[DATA SEGMENT]
┌────────

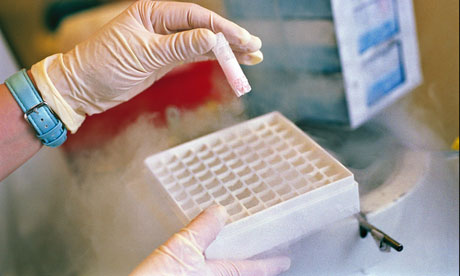 A sample of embryonic stem cells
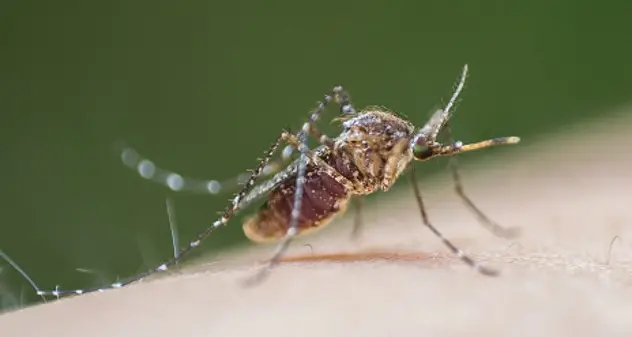 Il virus West Nile torna a far paura, morto un anziano in Veneto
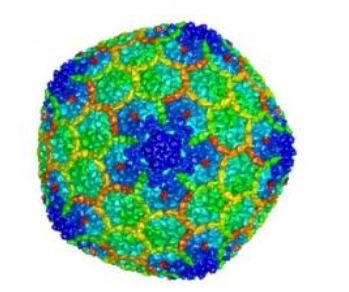 Descubren un de la memoria que actúa como virus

└────────

[YOUR INSTRUCTIONS] Once the images are dropped, set down the remaining material word for word.

[FINAL ANSWER]
 A sample of embryonic stem cells
 Il virus West Nile torna a far paura, morto un anziano in Veneto
 Descubren un de la memoria que actúa como virus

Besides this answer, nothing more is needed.